First section after the halt was Crackington. In the dry, Crackington should be a doddle, but the local people, not wishing to be deprived of the spectator value of a difficult climb, doctored the surface by spreading loose soil over the upper part of the climb, and soaking it liberally with water, thus making a particularly nasty paste. When we arrived, very few cars had made clean climbs, and we were just in time to see an MG Midget manage to do so, to the applause of the crowd. The queue was very long, as it was taking an average of some three minutes for each car to be dragged to the top by winch, and while we were waiting, the surface began to dry slightly.

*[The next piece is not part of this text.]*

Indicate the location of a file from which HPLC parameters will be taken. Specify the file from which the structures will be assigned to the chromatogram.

Dellows and other trials specials had to make a re-start just before the paste began, and we watched one particular VW buggy make a most spectacular re-start to take him flying through the mud to a clean climb. Kain proved that it really was a old engine which caused him to stop at Beggars Roost, by flying through with the Bugatti, and a perfectly ordinary looking Peugeot 504 made it appear easy. We got away to a fine start, and were soon at maximum revs. in bottom gear, hoping that this would be fast enough to carry us through the mire, but it wasn’t: scraping the undertrays on the mud, we came to an undignified halt only yards from the end of the section. Leigh Junior fared slightly better, having a higher bottom gear, but still didn’t quite make it. Threlfall’s sedate looking Ford rumbled up in fine style, but a brace of modern Morgans looked as if they were taking aunty for a country drive, such was their ineffectual nonchalance.

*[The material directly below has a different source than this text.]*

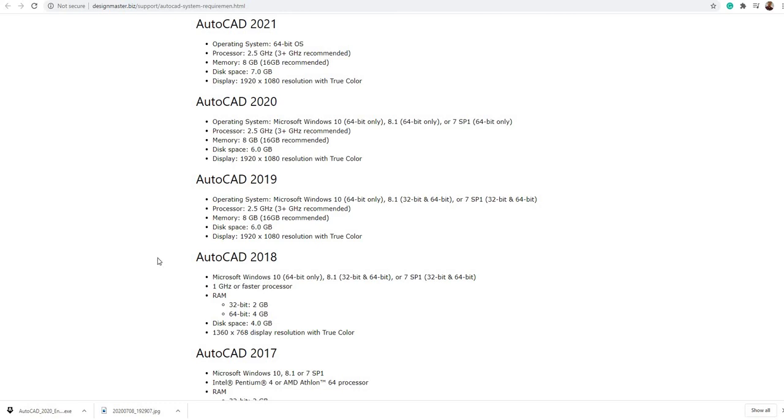I will prepare another video for comparison of AutoCAD versions. Thank you.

Ruses Mill was an all tarmac test involving a double re-start on a left-hand hairpin — we managed the first one but failed the second, to our surprise. Warleggan was rough and stony and then a forty odd mile journey across Bodmin Moor, through Perranporth took us to what must be the most scenic of all trials sections, Blue Hills Mine. Climbing from beach level up the cliffs alongside a North Cornish-coast bay, these two sections have provided a fitting and appropriate end to the trial for a number of years. This year, however, a further section, Old Stoney, was added on, some ten miles from Blue Hills Mine, presumably to encourage competitors to move away from the crowded headland at the top of the section, but the effect was to provide something of an anti-climax.

The two sections at Blue Hills are completely different, despite their proximity. The first starts on the flat, bears right down a slight bank, then hard left, followed by a very steep and tight hairpin right and then up hill to the finish. The second section starts on a very steep loose stone track some yards above the finish of the lower part, and climbs across slabs of rocks to finish on the headland. In wet years, the slabs of rock become incredibly slippery, in the dry, few have trouble on the upper section, but the lower is always likely to catch drivers, by now very tired, out. It certainly caught poor Brian Gray whose 30/98 toppled on to its side, quickly to be lifted upright by a horde of spectators. Although the car suffered obvious damage to the body and wings, no-one was hurt, and Brian was able to drive back to Gloucestershire the following day (see Vintage Postbag). It also caught us, as it was not until after we had understeered off on the left hand hairpin that we discovered the missing lock-stop. Once again, Leigh Junior upheld Frazer Nash honours, but Boyce again suffered a broken chain.

In Newquay, at the finish, Threlfall, Clarke and Halkyard claimed first class awards having completed the trial without failing any section and Campbell and Leigh junior second class awards. – P.H.J.W.